I got my undergrad and my BFA in theatrical lighting design at Boulder, so I had formal training. But I didn't like theater design because the director always had the ultimate say. As an artist, I'm the director. There's something magical about light. Think of all the Mayan temples and all these buildings that were built to celebrate the solstice or the equinox. That all has to do with light. Our universe is made of light; that's how we know it's out there. It's really intriguing to me. One piece I did is a large installation where I painted these rings with phosphorescent paint so it gets energy from the sun and it glows. I put it out in our field in our property in southern Colorado and it's just very magical to me.

You're also the curator and exhibition manager at the Arvada Center. How does curating affect the way that you create art?
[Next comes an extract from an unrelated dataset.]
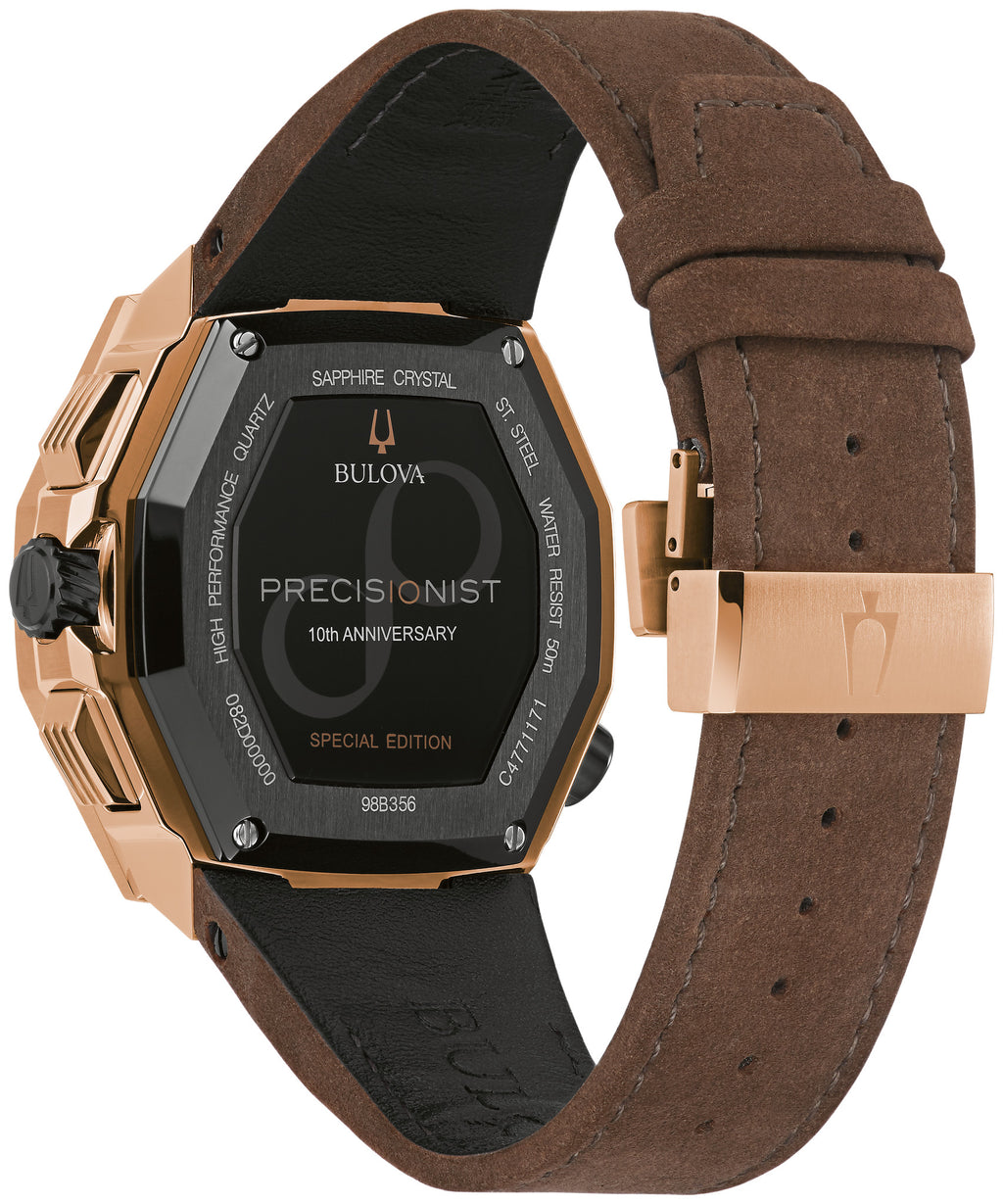Bulova Series X 98B356 — view 3 — Bulova at MEDIUM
It's my job, unfortunately, to tell artists, "Thanks, but no thanks." So there's a lot of pressure for me to put myself out as an artist because I'm allowing those people to say, "I don't like his art and he chose that person's art?" It really affects me because I think as a curator when I work with the artist I know the emotions, the commitment, the pure energy they put into their art, and I think it helps me understand and makes me put in extra effort to showcase their art the best we can here at the Arvada Center. And it's kind of opened up another world. There's the art administration world and then the artist world. It allows me more resources, more potential partners, more potential future artists to showcase. For Pirate, I think of myself purely as an artist. I don't have to be an administrator there.
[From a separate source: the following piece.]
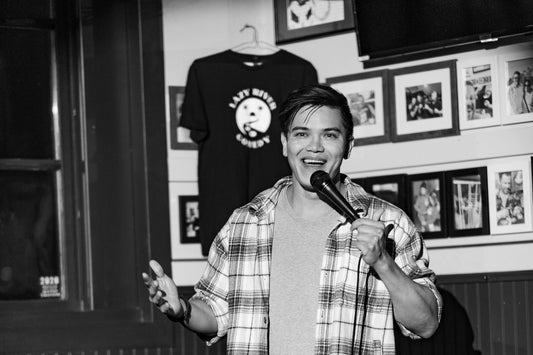 How To Prepare For Your First Open Mic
Why do you choose to keep showing your work at Pirate?

Pirate's great. The reason Pirate exists is for exhibitions like mine and many of the other artists who show there. It's pushing the boundaries, taking risks. A lot of this work, some of it may work and some of it may not. I'll tweak it in the studio and hopefully have the experience to take it to another institution where it may be more polished. Pirate allows for that risk-taking opportunity. And the history of Pirate is just amazing. I grew up there as a kid; my dad's an artist and he showed at Pirate a couple times.

Any of the major, in my opinion, successful artists in Denver and Colorado I feel like at some point showed at Pirate either as a member or as a guest or as part of a juried exhibition. Current Pirates and former Pirates, we all have something in common. We all understand. So many artists like Monique Crine and Christine Buchsbaum, who are fellow Pirates, continue to show at Pirate and also show at all these great galleries in town as well. I think they continue to show at Pirate because it allows them a testing ground. And that's why when you go see an exhibition there it's exhibitions you would never see anywhere else because of that fact. I love Pirate. It would be a hard day for me to leave Pirate.